One of the great surprises of Stuart Crosthwaite's university years was being elected president of his hometown cricket club in north-east Victoria.
As a dairy farming teenager "too shy to put his hand up in class", Mr Crosthwaite had no ambitions for leadership roles, nor to become a fifth-generation farmer when he left for university with his sights on a career in engineering.
His life goals altered after switching to an Agriculture Science degree, working as a field officer for Murray Goulburn in western Victoria and eventually returning to the family farm at Kergunyah South.
Mr Crosthwaite now runs a thriving dairy operation, mentors a future generation of farmers, is founding chair of dairy co-operative Mountain Milk and is participating in the 15-month Australian Rural Leadership Program, sponsored by Gardiner Dairy Foundation.
While paving a new direction for the family farm, Mr Crosthwaite inevitably landed on various committees, including Alpine Valleys Dairy, which established a successful strategy to increase the region's milk production.
“I’m proud to say the north-east has probably grown our production by 20 to 25 per cent in the last decade,” he said.
Unhappy with Murray Goulburn, Mr Crosthwaite and five farming peers formed the north-east Victorian dairy co-operative Mountain Milk two years ago.
The co-operative has grown to eight members with a vision to produce its own bottled milk, while also increasing its collective negotiating strength with processors.
With so much leadership experience, Mr Crosthwaite said his innate style was a "doer", directing people with "black and white instructions".
But the Australian Rural Leadership Program has been transformative, as Mr Crosthwaite now role models a more inclusive style of leadership which he hopes will ripple through his business and wider dairy industry.
“I have learnt a lot about myself, and how my style affects the people around me.
“I have a better understanding of how connecting with the people around you can get a better outcome for the team.”
Learning self-awareness has also helped him appreciate the need to manage his own workload and "help others carry some of the load", in turn, fostering their leadership capacity.
“My leadership style is now more of a facilitator than a footy captain.
“I sat down with my staff and we developed our own core set of values.
“They said, ‘we want more teamwork, communication and responsibility'.”
Mr Crosthwaite's three staff now each have an area of responsibility — assistant herd manager, assistant feed manager and assistant maintenance manager.

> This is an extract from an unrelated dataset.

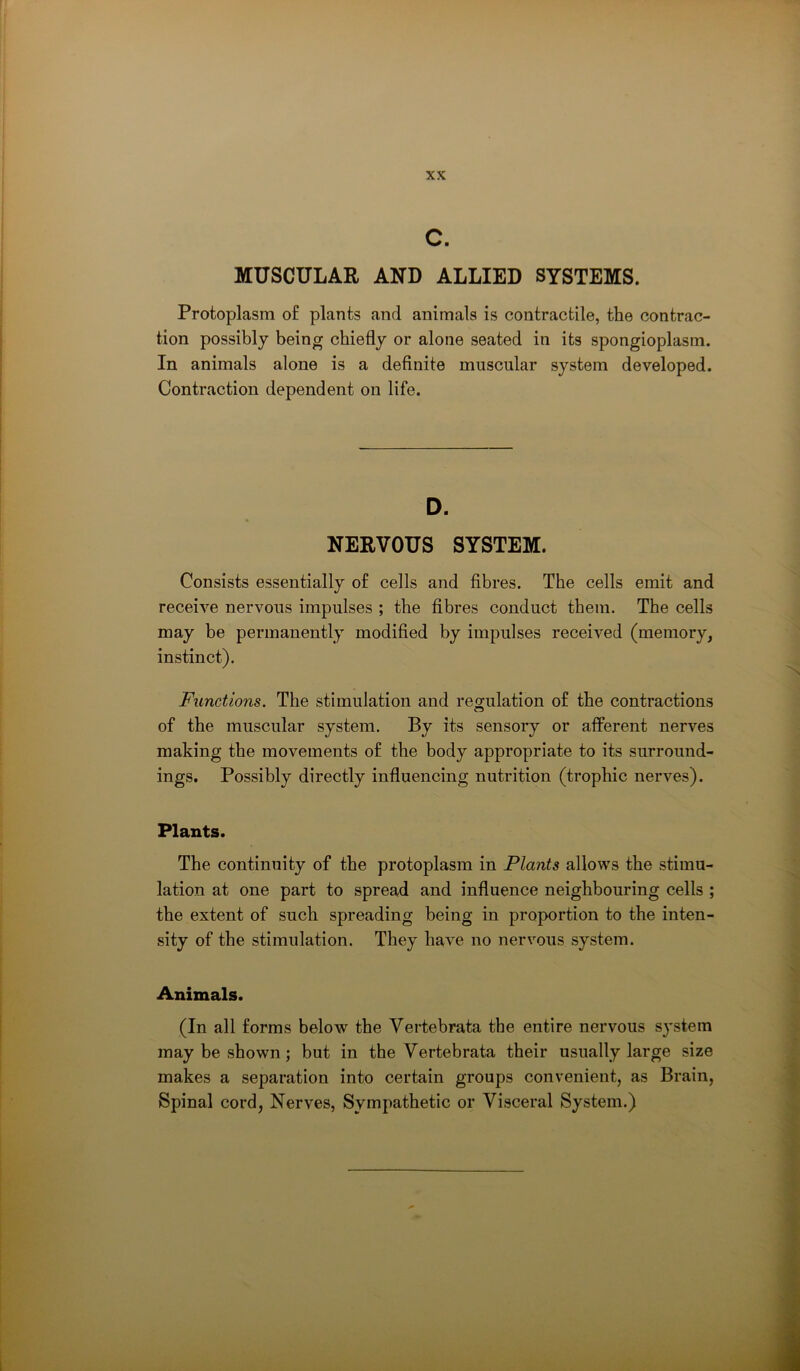 c. MUSCULAR AND ALLIED SYSTEMS. Protoplasm of plants and animals is contractile, the contrac- tion possibly being chiefly or alone seated in its spongioplasm. In animals alone is a definite muscular system developed. Contraction dependent on life. D. NERVOUS SYSTEM. Consists essentially of cells and fibres. The cells emit and receive nervous impulses ; the fibres conduct them. The cells may be permanently modified by impulses received (memory, instinct). Functions. The stimulation and regulation of the contractions of the muscular system. By its sensory or afferent nerves making the movements of the body appropriate to its surround- ings. Possibly directly influencing nutrition (trophic nerves). Plants. The continuity of the protoplasm in Plants allows the stimu- lation at one part to spread and influence neighbouring cells ; the extent of such spreading being in proportion to the inten- sity of the stimulation. They have no nervous system. Animals. (In all forms below the Vertebrata the entire nervous system may be shown; but in the Vertebrata their usually large size makes a separation into certain groups convenient, as Brain, Spinal cord, Nerves, Sympathetic or Visceral System.)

Herd manager Angela Dunstone is rapt to have more responsibility and training opportunities in her field of interest and said Mr Crosthwaite's leadership style made her feel "valued and valuable to the business".
His new leadership style has made Mr Crosthwaite learn that inclusive leadership helps enthuse and retain employees.
“I value that my staff can see opportunities for improvements, and I really want them to have input into that,” he said.
“A lot of people think you are born a leader, but I have learnt leadership can be taught.
“I've learnt to be more aware of the people around me and more aware of myself.”